_Assignment:_ Reproduce only this range: the line holding "Easter holiday cake" through the last line of the data below, both included, exactly, with no pictures.

_Material supplied:_

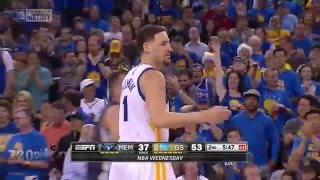 Stephen Curry plays defense with towel on head, celebrates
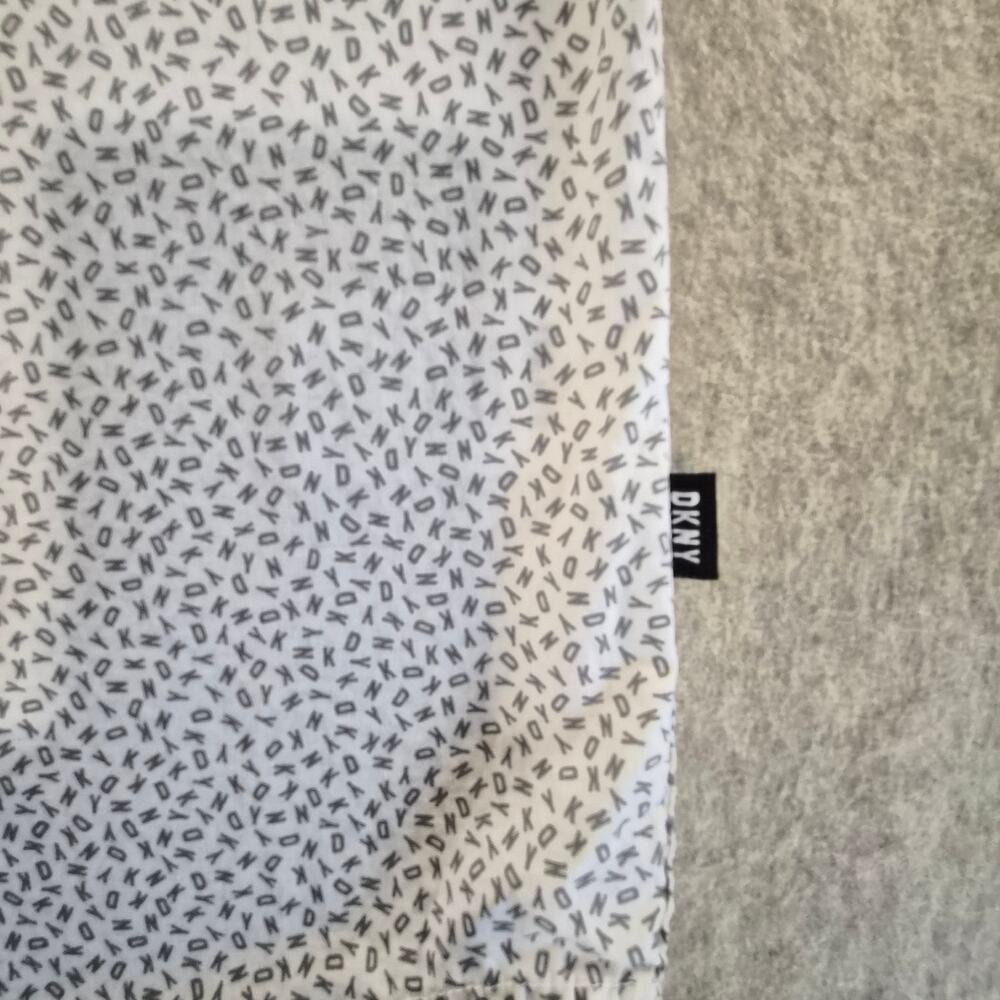 DKNY MENS WHITE W GREY LOGO PRINT BUTTON-UP SHORT SLEEVE SHIRT XL - Picture 8 of 10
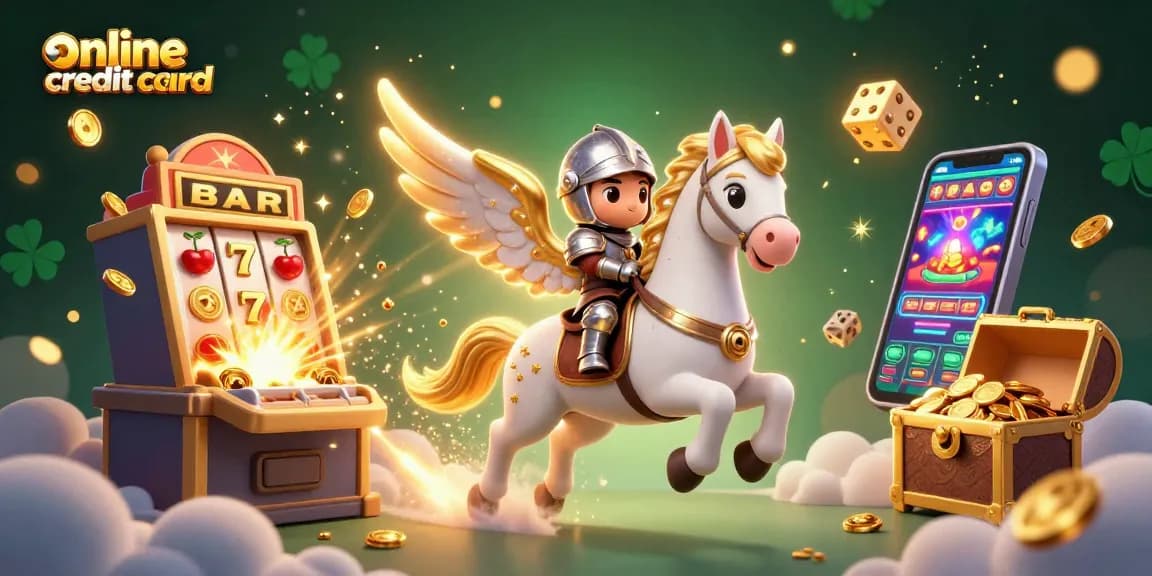 Experience thrilling online credit card casinos with a celestial knight and dazzling game elements in stunning 3D.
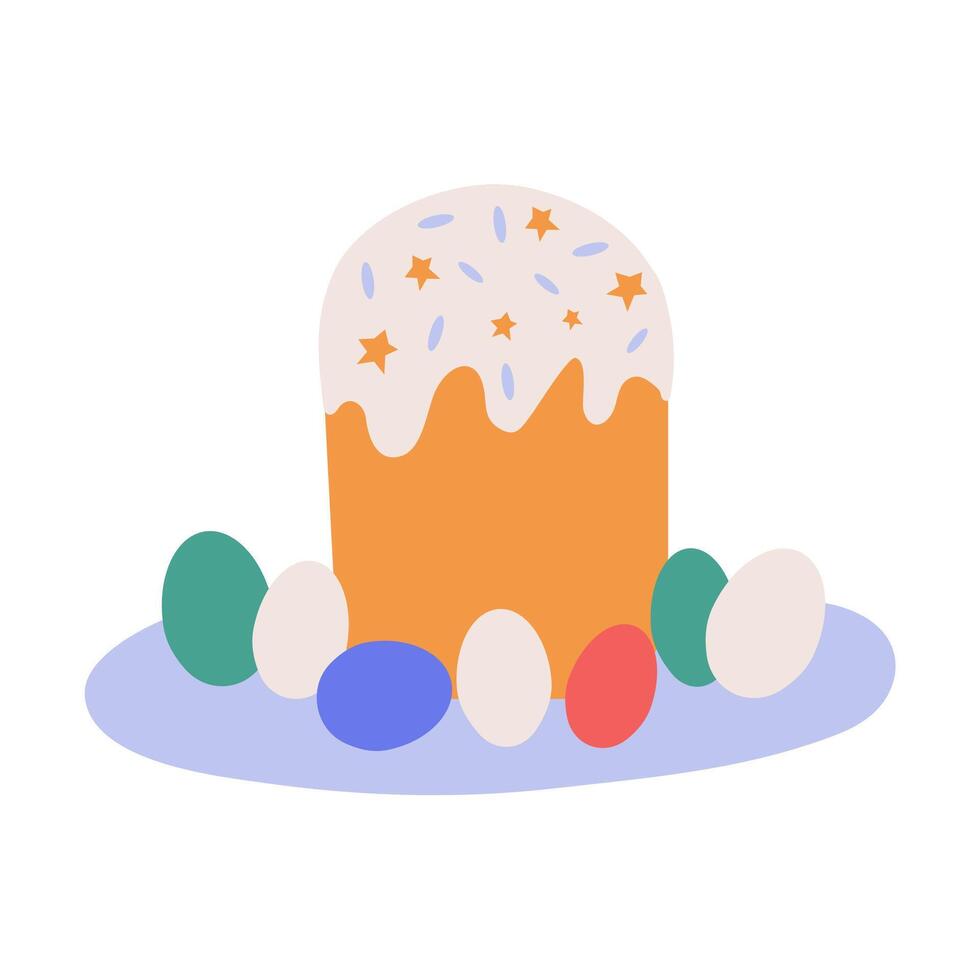 Easter holiday cake on a plate with colored eggs. illustration, a design element for celebrating Easter. vector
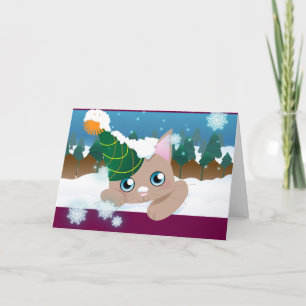 Kitty in snow holiday card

_Result below:_
 Easter holiday cake on a plate with colored eggs. illustration, a design element for celebrating Easter. vector
 Kitty in snow holiday card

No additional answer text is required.